La démarche est un peu atypique. Sur une pelouse, une côte calcaire, adret de cuesta, animateurs et enfants se retrouvent pour… manger de la terre. Certes, la formule est un joli raccourci destiné à « appâter » le lecteur ; pourtant, il y a un peu de cela.
La quinzaine de bambins issus des cycles 3 écoute attentivement l’animateur qui se tortille sur un pied dans l’équilibre de la pente : « Avant de nous intéresser aux plantes, nous allons regarder sous le plancher des vaches. C’est dans le sol que les plantes se cramponnent et puisent leur nourriture. C’est dans le sol aussi que vivent des milliards d’animalcules, pour la plupart microscopiques. Ils forment les intestins de la terre.
Voyons donc les constituants minéraux du sol. C’est-à-dire ce qui se trouve entre la roche et l’air. »

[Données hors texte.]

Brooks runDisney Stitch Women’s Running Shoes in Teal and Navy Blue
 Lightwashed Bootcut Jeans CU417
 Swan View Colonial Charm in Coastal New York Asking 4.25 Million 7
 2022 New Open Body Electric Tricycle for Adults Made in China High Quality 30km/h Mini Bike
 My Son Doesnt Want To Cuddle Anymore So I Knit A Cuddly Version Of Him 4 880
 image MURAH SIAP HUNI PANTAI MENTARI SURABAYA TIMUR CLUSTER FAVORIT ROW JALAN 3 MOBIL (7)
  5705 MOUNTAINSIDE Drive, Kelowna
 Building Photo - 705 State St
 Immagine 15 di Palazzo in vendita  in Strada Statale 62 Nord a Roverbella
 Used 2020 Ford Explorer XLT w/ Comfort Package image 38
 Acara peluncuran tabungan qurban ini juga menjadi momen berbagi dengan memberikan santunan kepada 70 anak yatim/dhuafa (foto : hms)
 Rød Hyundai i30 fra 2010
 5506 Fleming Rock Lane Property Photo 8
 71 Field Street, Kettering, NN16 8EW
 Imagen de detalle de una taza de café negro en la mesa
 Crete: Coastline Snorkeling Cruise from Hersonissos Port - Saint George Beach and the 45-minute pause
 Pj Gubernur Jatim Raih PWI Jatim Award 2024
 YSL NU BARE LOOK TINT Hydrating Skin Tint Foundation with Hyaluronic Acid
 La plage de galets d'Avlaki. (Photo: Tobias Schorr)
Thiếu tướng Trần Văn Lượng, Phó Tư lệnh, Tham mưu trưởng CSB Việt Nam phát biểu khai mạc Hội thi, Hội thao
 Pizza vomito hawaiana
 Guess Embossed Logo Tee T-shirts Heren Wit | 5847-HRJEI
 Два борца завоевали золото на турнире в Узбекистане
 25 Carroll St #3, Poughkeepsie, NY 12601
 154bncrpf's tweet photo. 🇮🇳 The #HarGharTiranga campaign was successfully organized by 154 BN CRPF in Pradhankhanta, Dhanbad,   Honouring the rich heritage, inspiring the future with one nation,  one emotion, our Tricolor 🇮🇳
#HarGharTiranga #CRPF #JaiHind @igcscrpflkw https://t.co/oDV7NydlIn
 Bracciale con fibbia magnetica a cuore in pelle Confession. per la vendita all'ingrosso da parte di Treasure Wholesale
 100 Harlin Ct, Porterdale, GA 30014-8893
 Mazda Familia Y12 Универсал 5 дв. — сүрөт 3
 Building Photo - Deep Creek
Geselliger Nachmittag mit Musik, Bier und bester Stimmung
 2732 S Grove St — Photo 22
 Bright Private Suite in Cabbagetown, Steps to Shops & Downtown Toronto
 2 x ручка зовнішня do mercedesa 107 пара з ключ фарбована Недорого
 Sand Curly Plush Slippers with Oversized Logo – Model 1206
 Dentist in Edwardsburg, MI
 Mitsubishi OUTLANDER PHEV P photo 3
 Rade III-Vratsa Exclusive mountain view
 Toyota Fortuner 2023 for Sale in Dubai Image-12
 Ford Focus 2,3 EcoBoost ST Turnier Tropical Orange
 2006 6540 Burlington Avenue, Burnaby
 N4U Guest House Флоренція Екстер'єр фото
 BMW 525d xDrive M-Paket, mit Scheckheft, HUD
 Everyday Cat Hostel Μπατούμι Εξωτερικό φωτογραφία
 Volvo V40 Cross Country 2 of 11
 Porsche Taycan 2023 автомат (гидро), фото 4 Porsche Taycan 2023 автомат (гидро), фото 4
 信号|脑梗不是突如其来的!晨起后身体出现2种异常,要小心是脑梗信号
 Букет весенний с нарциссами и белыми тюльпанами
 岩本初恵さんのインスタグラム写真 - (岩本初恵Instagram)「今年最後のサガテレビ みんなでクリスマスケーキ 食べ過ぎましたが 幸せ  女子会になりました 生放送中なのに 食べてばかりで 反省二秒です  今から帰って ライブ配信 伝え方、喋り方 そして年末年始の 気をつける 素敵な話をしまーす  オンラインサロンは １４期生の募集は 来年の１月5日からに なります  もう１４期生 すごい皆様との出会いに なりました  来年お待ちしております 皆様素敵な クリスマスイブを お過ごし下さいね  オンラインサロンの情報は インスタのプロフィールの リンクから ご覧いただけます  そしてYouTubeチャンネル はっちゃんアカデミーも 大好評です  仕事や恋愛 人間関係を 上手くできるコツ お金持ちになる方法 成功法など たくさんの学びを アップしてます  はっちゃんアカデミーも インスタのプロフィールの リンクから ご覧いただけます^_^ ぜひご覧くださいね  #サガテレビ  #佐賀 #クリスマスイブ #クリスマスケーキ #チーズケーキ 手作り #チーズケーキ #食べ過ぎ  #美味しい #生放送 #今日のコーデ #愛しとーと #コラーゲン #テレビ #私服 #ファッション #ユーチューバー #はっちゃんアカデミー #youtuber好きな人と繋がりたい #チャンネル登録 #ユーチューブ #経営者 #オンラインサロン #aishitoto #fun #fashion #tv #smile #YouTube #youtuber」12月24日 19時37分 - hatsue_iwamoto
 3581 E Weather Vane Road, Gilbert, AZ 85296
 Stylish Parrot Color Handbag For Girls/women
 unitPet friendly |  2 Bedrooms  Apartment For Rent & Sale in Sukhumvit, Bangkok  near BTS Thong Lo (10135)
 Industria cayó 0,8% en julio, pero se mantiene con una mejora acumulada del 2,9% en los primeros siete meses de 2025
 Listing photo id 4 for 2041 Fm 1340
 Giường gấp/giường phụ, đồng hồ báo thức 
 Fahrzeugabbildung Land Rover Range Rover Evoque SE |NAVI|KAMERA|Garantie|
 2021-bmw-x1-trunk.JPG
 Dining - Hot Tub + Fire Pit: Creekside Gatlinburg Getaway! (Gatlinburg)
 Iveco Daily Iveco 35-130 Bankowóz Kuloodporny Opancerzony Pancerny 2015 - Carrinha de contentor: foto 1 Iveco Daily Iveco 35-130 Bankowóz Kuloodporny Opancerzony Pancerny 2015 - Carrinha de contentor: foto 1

Les enfants s’impatientent. Ils sont en plein air.
Si on passait à l’action ! ?
« Récupérez-moi donc trois carottes de terre à l’aide de la tarière, lance l’animateur du Conservatoire des sites lorrains. Allez… Une en bas de la côte, une en pleine côte et une sur le plateau. »

Goûtez. Le groupe s’éclate comme une grappe dont les raisins s’arrachent. Les enfants s’exécutent. Ils ramènent, les mains sales et le sourire aux lèvres, quelques éléments du sol qu’ils ont piégé dans la vrille.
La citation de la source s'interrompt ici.